Renault Chief Executive Carlos Ghosn has revealed that no decision was made at the extraordinary board meeting, although one will be forthcoming before the year is out.
“You will have to be patient,” Ghosn said. “We will make an announcement on our participation in Formula 1 before the end of the year.”
This is a rather strange decision (or lack of one) by the normally forthright Ghosn. With Kubica having signed a contract with Renault, where does he go if the answer is withdrawal at the end of the year? Will Renault continue to supply race engines to other teams? Toyota will not, so I would expect Renault to do the same if they do not continue as one of the teams. That will leave only Mercedes, Ferrari and Cosworth as engine suppliers. Red Bull, which has used Renault engines, will be watching (and waiting) with more than just a little interest.

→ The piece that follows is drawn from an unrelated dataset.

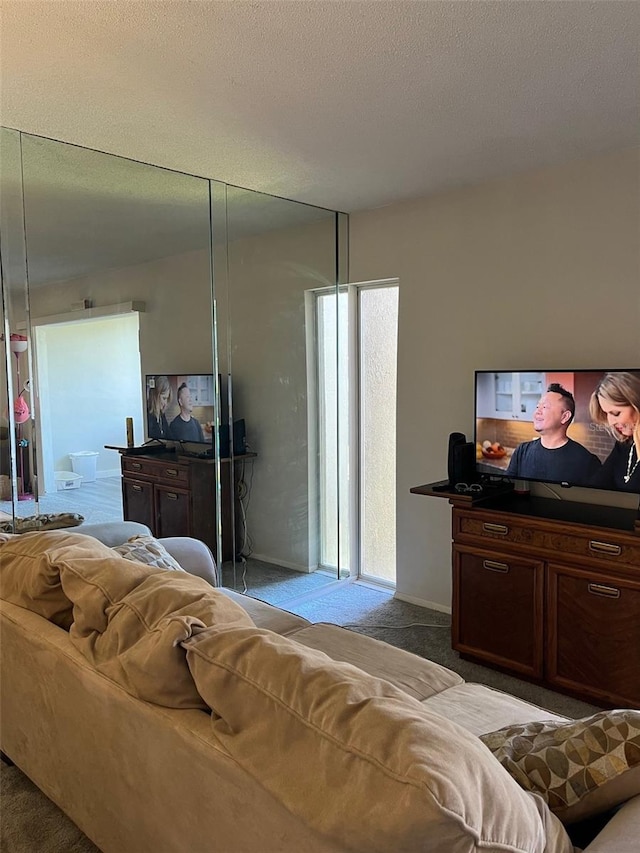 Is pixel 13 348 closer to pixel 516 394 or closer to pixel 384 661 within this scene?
pixel 384 661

There are also other new teams which did not get past the first round of talks with the FIA a few months ago, which will want to take Renault’s place, but they will be left with too little time to design and build a suitably competitive car.

This one won’t go again!

Bira circuit improvements
My good mate Alan and I, with my son in tow, went to the Bira circuit the other weekend to watch a club meeting there, which by the way was good fun. At lunchtime we strolled up to the pits to find that there is now a great area called the Bira Cafe, with a small convenience store next to it. The eating area was clean, tables and chairs, cutlery and refrigerated cold drinks, and plenty of very inexpensive hot food. It was a pleasure to eat there, and made the entire day more fun. Well done, Bira.